▸ **Work item**: Return only the lines below starting at the line containing "Appraisal: Four Signed" and ending at the line containing "CCCX2CSC Cold Porcelain", both included, exactly as they are and with no pictures.

#### Information shown ####

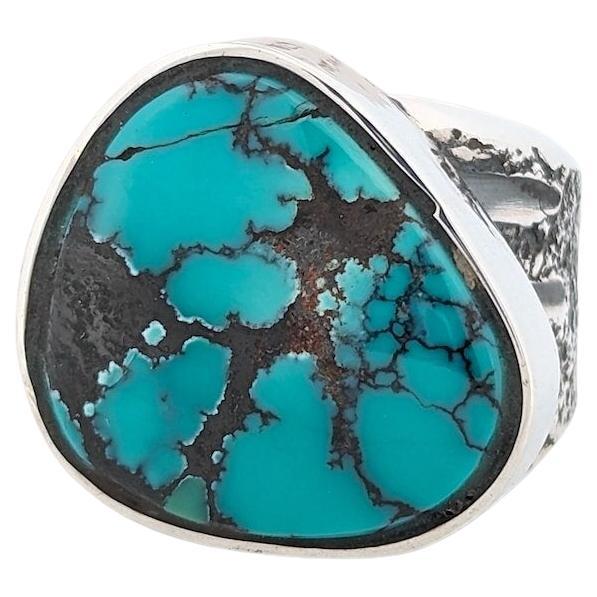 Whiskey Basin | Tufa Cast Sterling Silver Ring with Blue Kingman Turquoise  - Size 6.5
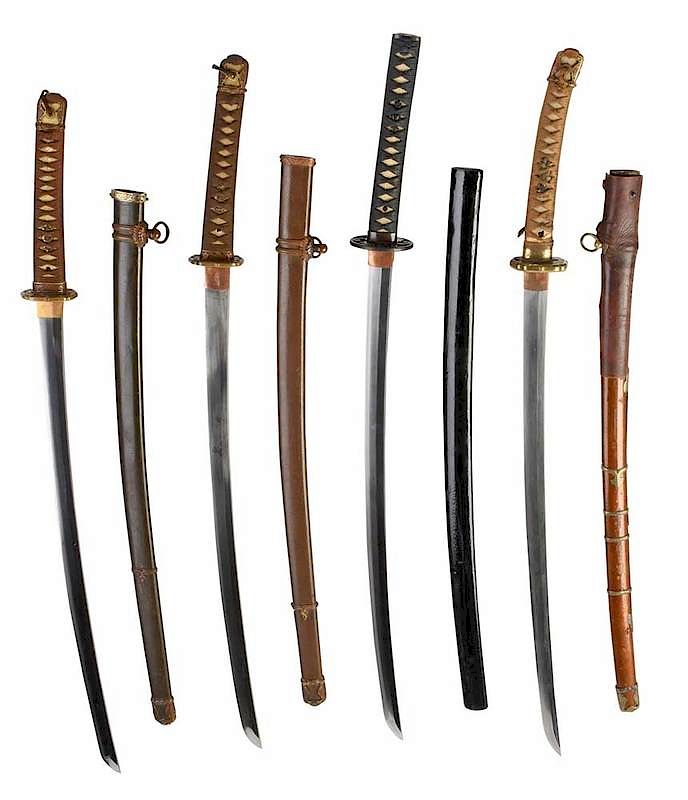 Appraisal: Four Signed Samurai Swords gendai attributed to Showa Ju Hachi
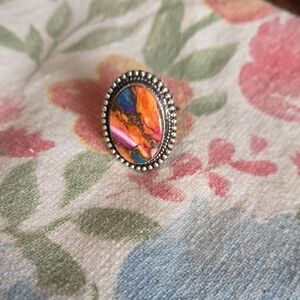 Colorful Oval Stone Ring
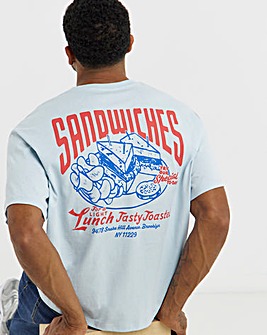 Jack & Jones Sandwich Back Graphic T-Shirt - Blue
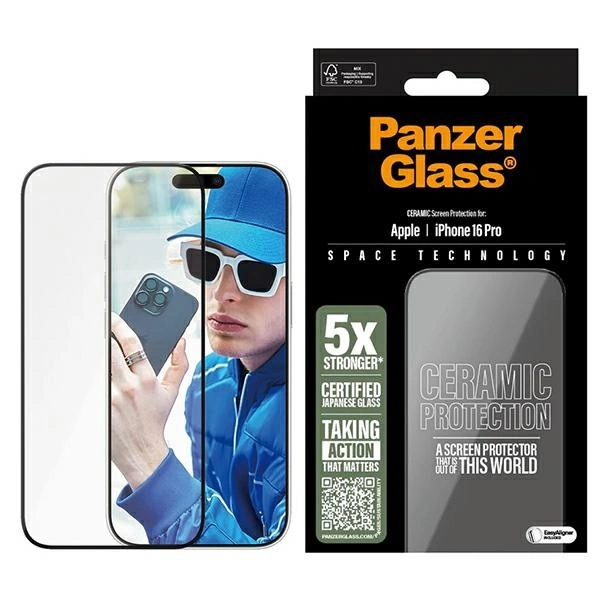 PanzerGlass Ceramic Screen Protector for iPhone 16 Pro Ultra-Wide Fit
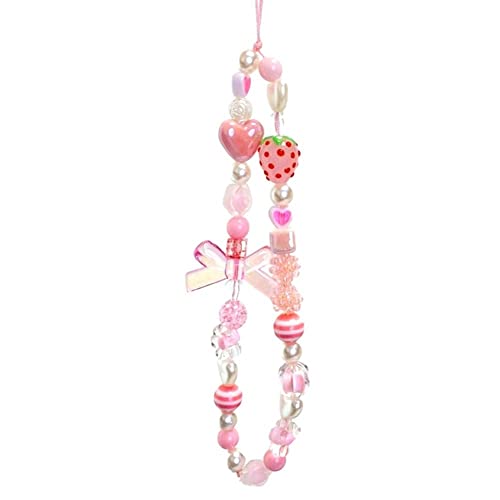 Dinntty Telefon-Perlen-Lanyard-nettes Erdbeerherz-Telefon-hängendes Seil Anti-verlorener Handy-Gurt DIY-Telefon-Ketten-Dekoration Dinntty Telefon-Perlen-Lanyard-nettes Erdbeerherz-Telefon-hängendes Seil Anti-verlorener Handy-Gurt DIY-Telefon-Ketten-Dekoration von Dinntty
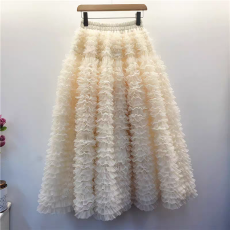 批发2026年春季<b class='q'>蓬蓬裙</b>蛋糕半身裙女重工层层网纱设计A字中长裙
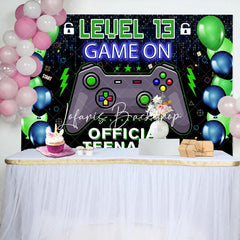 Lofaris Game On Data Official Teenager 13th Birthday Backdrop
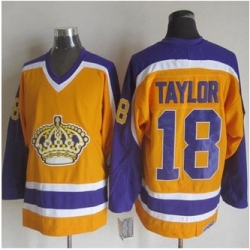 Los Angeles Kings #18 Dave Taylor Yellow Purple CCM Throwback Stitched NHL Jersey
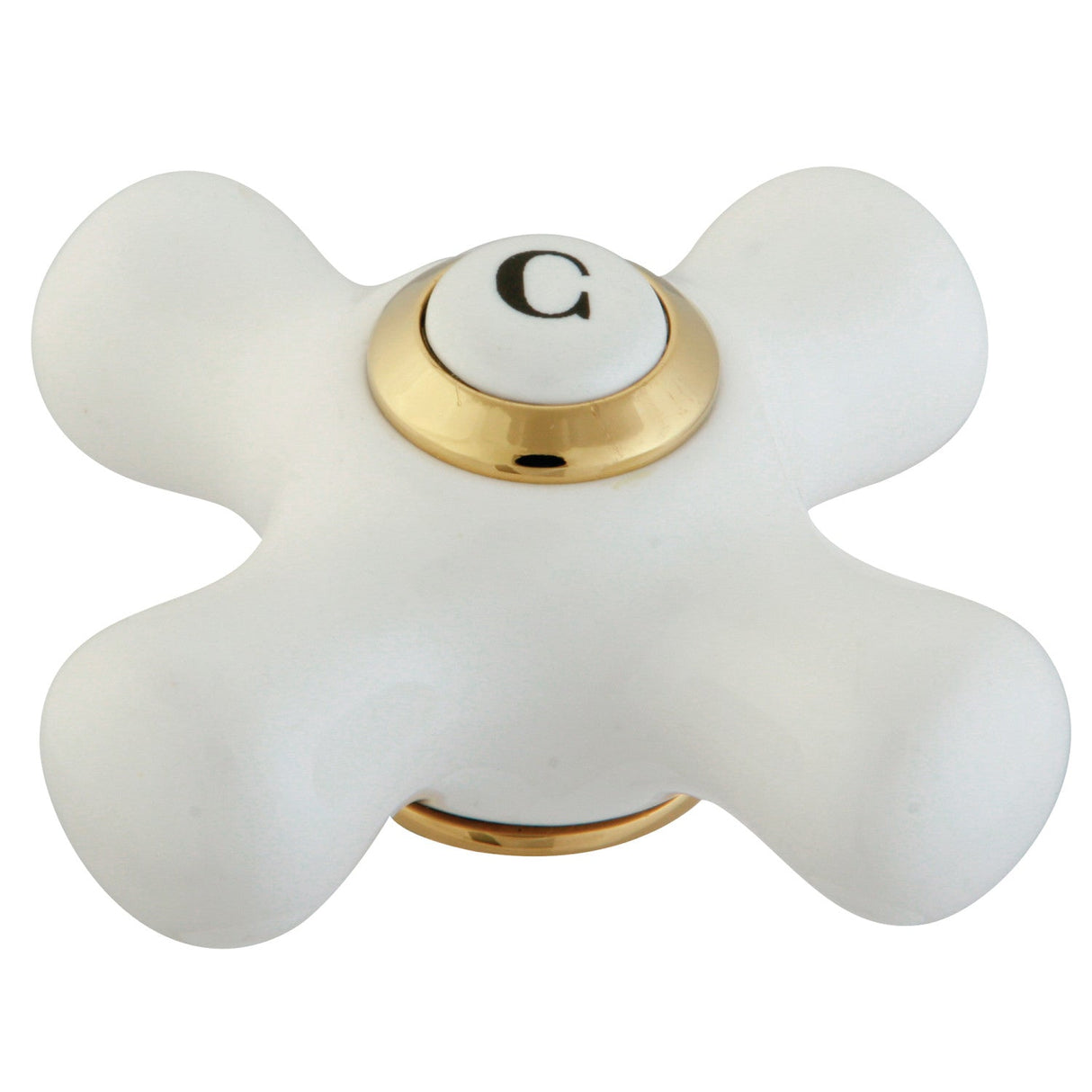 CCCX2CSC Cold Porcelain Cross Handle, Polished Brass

####
#### Information shown ####

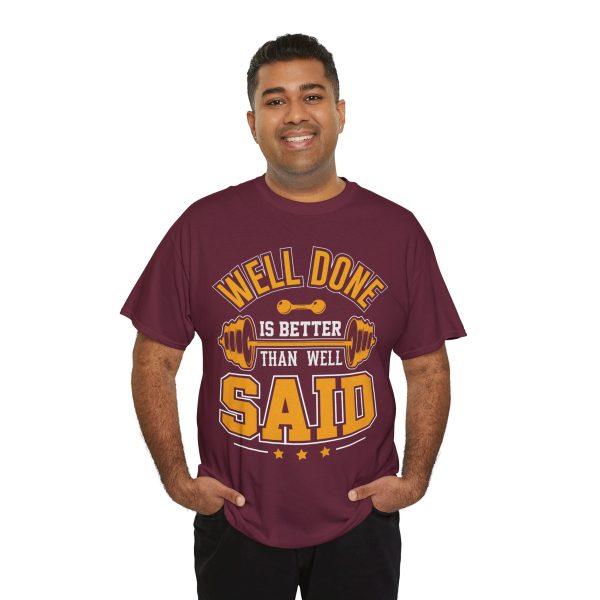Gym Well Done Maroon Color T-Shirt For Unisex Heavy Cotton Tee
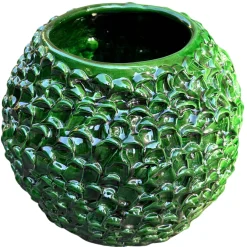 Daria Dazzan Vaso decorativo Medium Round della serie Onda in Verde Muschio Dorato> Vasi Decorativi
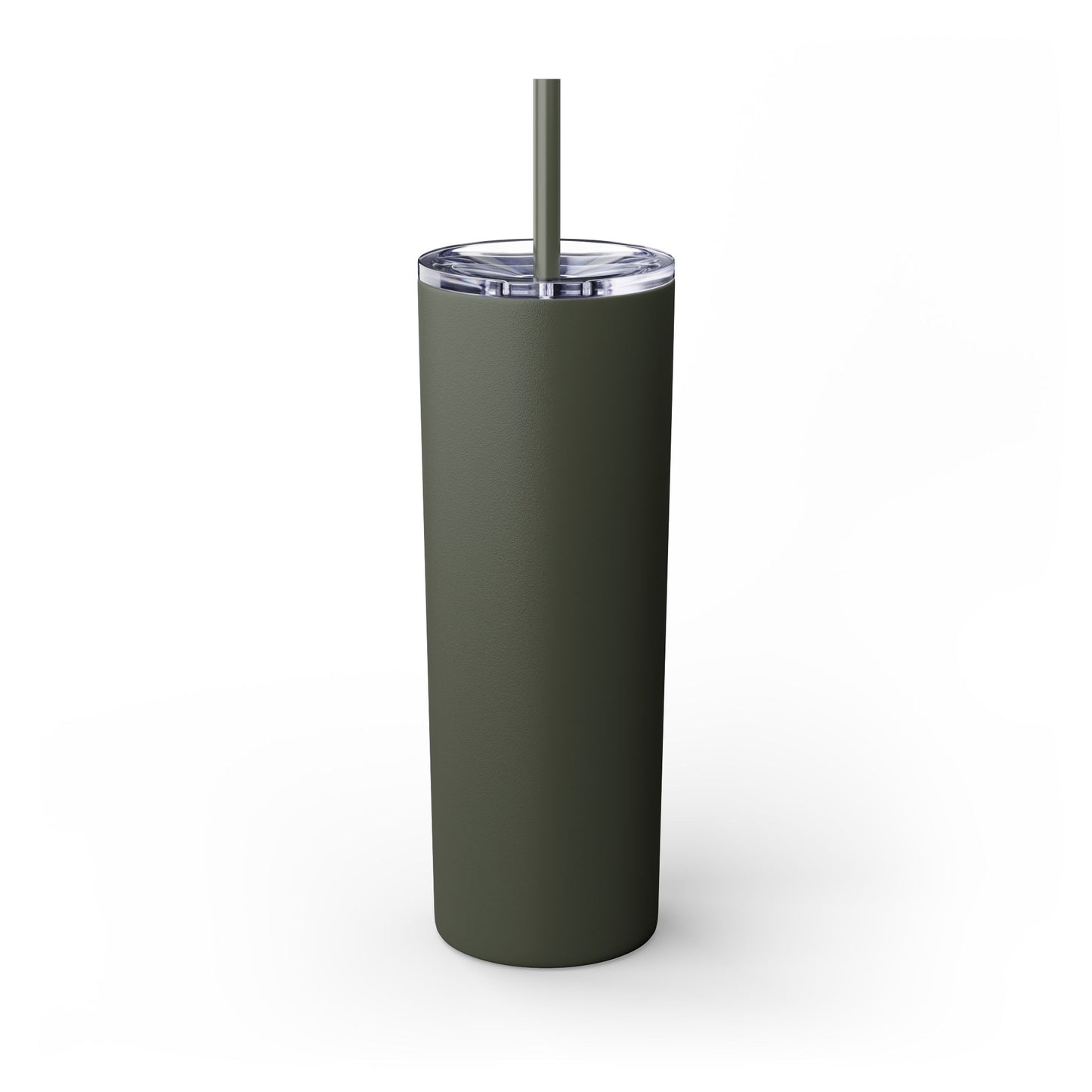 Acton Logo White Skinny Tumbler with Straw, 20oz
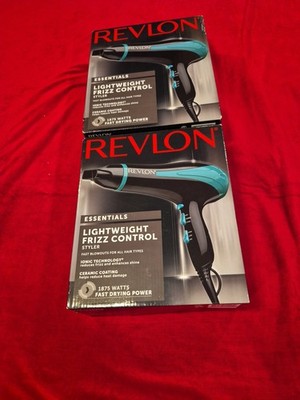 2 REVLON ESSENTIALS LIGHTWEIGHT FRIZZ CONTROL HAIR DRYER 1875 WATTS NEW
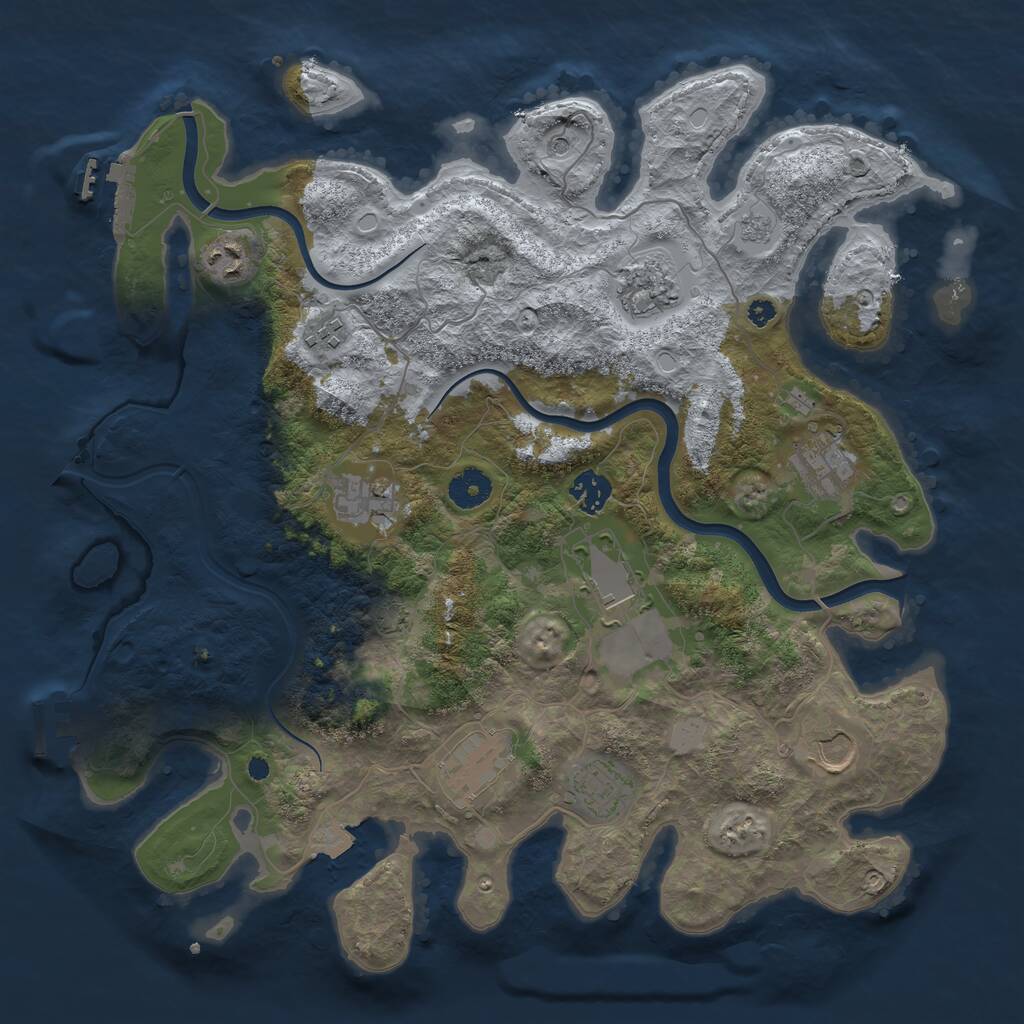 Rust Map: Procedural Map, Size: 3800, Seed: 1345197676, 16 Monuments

####

▸ **Response to this exercise**:
 Appraisal: Four Signed Samurai Swords gendai attributed to Showa Ju Hachi
 Colorful Oval Stone Ring
 Jack & Jones Sandwich Back Graphic T-Shirt - Blue
 PanzerGlass Ceramic Screen Protector for iPhone 16 Pro Ultra-Wide Fit
 Dinntty Telefon-Perlen-Lanyard-nettes Erdbeerherz-Telefon-hängendes Seil Anti-verlorener Handy-Gurt DIY-Telefon-Ketten-Dekoration Dinntty Telefon-Perlen-Lanyard-nettes Erdbeerherz-Telefon-hängendes Seil Anti-verlorener Handy-Gurt DIY-Telefon-Ketten-Dekoration von Dinntty
 批发2026年春季<b class='q'>蓬蓬裙</b>蛋糕半身裙女重工层层网纱设计A字中长裙
 Lofaris Game On Data Official Teenager 13th Birthday Backdrop
 Los Angeles Kings #18 Dave Taylor Yellow Purple CCM Throwback Stitched NHL Jersey
 CCCX2CSC Cold Porcelain Cross Handle, Polished Brass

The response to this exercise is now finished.